Papers I Read Notes and Summaries

GPipe - Easy Scaling with Micro-Batch Pipeline Parallelism

Introduction

  • The paper introduces GPipe, a pipeline parallelism library for scaling networks that can be expressed as a sequence of layers.

  • Link to the paper

Design

  • Consider training a deep neural network with L layers using K accelerators (say GPUs).

  • Each of the ith layer has its forward function fi, backward function bi, weights wi and a cost ci (say the memory footprint or computational time).

  • GPipe partitions this network into K cells and places the ith cell on the ith accelerator. Output from the ith accelerator is passed to the i+1th accelerator as input.

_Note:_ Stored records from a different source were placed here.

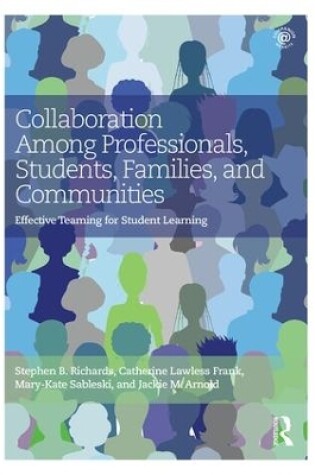 Cover of Collaboration Among Professionals, Students, Families, and Communities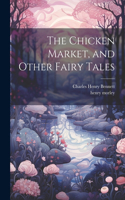 Chicken Market, and Other Fairy Tales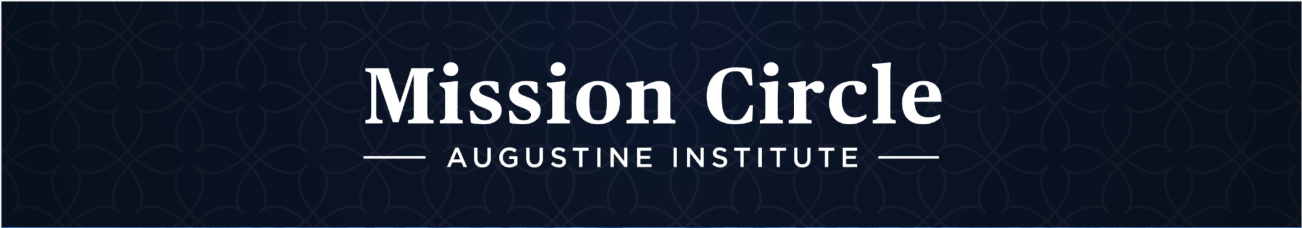 Augustine Institute - Mission Circle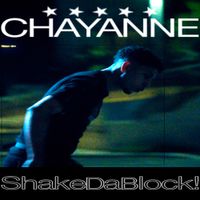ShakeDaBlock! - CHAYANNE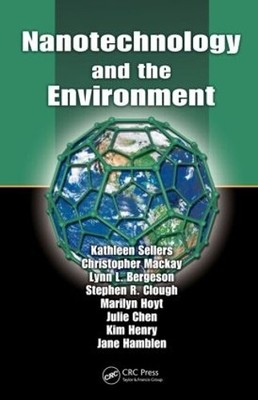 Nanotechnology and the Environment - 9781420060195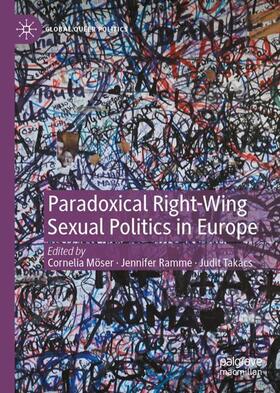 Möser / Takács / Ramme |  Paradoxical Right-Wing Sexual Politics in Europe | Buch |  Sack Fachmedien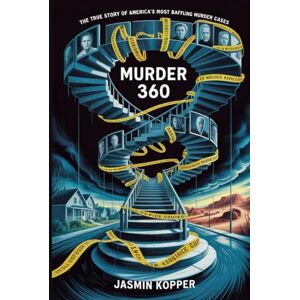 Kopper, Jasmin MURDER 360: THE TRUE STORY OF AMERICA’S MOST BAFFLING MURDER CASES Kopper, Jasmin MURDER 360: THE TRUE STORY OF AMERICA’S MOST BAFFLING MURDER CASES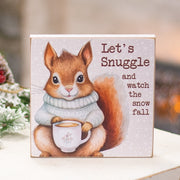 Let's Snuggle Cozy Squirrel Wooden Block Sign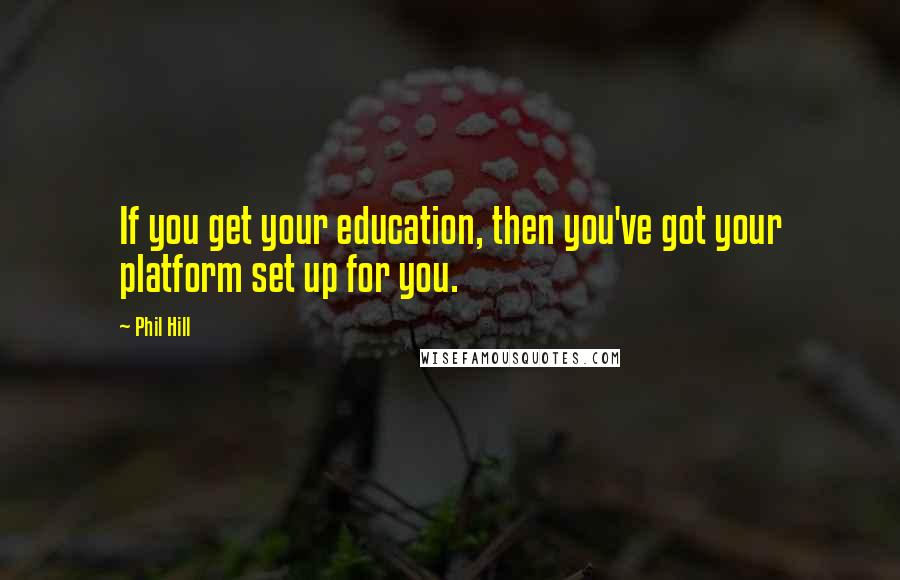 Phil Hill Quotes: If you get your education, then you've got your platform set up for you.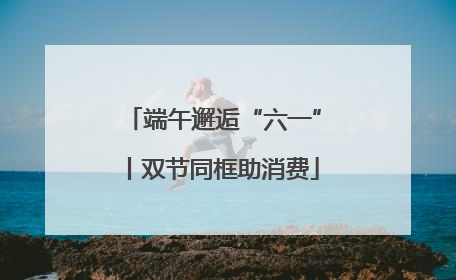 端午邂逅“六一”丨双节同框助消费
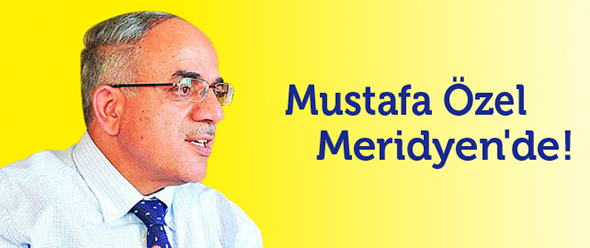 Mustafa Özel Meridyen`de!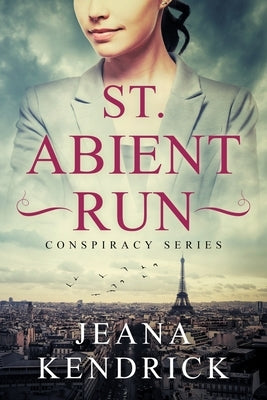 St. Abient Run by Kendrick, Jeana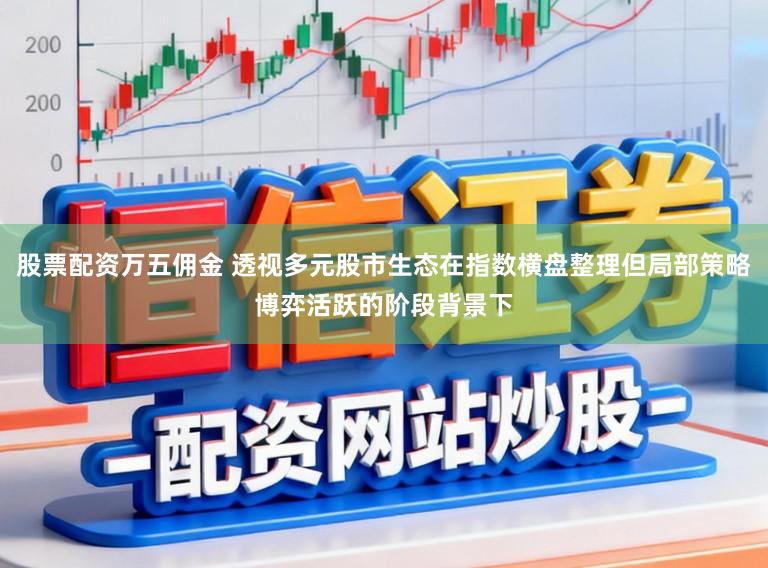 股票配资万五佣金 透视多元股市生态在指数横盘整理但局部策略博弈活跃的阶段背景下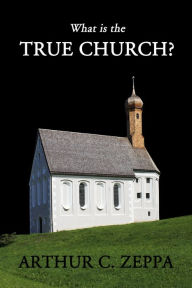 Title: What is the True Church?, Author: Arthur C. Zeppa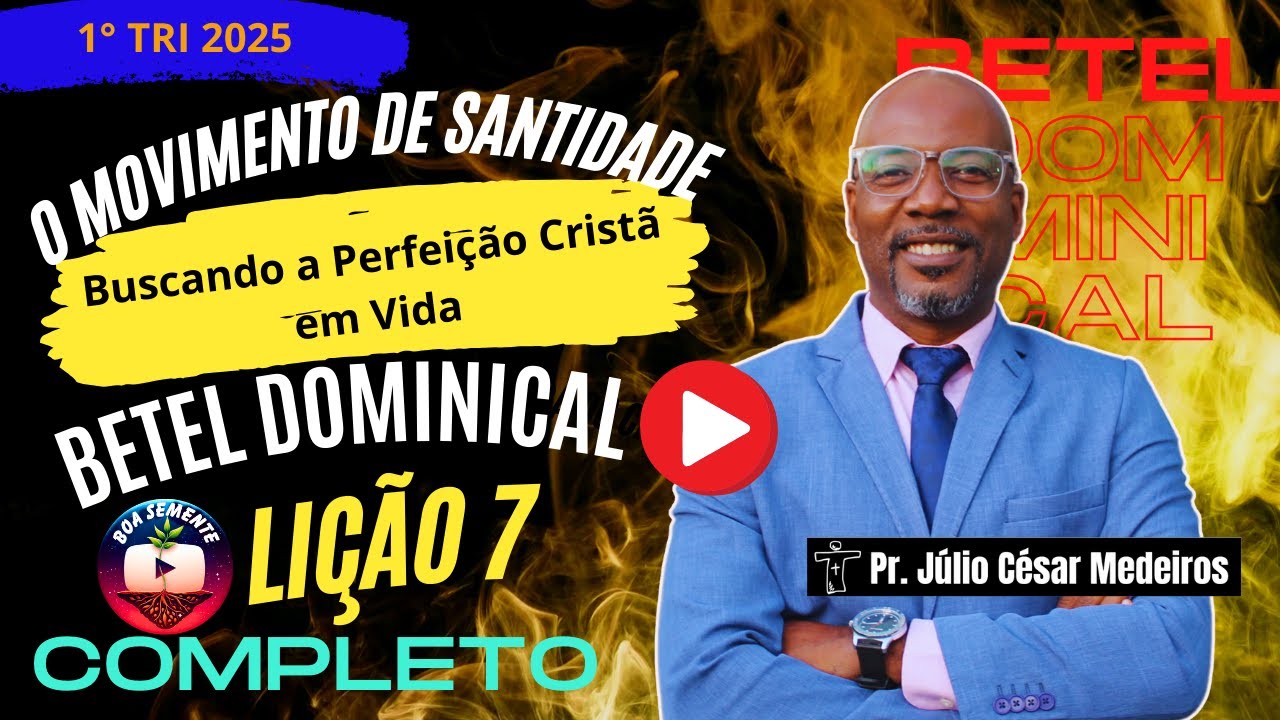 Lição  7  O Movimento de Santidade Buscando a Perfeição Cristã em Vida  Betel completo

  • During the forward pass, the input batch (of size N) is divided into M equal micro-batches. These micro-batches are pipelined through the K accelerators one after another.

  • During the backward pass, gradients are computed for each micro-batch. The gradients are accumulated and applied at the end of each minibatch.

  • In batch normalization, the statistics are computed over each micro-batch (used during training) and mini-batch (used during evaluation).

  • Micro-batching improves over the naive mode parallelism approach by reducing the underutilization of resources (due to the network’s sequential dependencies).

Performance Optimization

  • GPipe supports re-materialization (or checkpointing), i.e., during the forward pass, only the output activations (at partition boundaries) are stored.

  • During backward pass, the forward function is recomputed at each accelerator. This trades off the memory requirement with increased time.

  • One potential downside is that partitioning can introduce some idle time per accelerator (referred to as the bubble overhead). However, with a sufficiently large number of micro-batches ( more than 4 times the number of partitions), the bubble overhead is negligible.

Performance Analysis

  • Two different types of model architectures are compared: AmoebaNet convolutional model and Transformer sequence-to-sequence model.

  • For AmoebaNet, the size of the largest trainable model (on a single 8GB Cloud TPU v2) increases from 82M to 318M. Further, a 1.8 billion parameter model can be trained on 8 accelerators (25x improvement in size using GPipe).

  • For transformers, GPipe scales the model size to 83.9 B parameters with 128 partitions (298x improvement in size compared to a single accelerator).

  • Since the computation is evenly distributed across transformer layers, the training throughput scales almost linearly with the number of devices.

  • Quantitative experiments on ImageNet and multilingual machine translation show that models can be effectively trained using GPipe.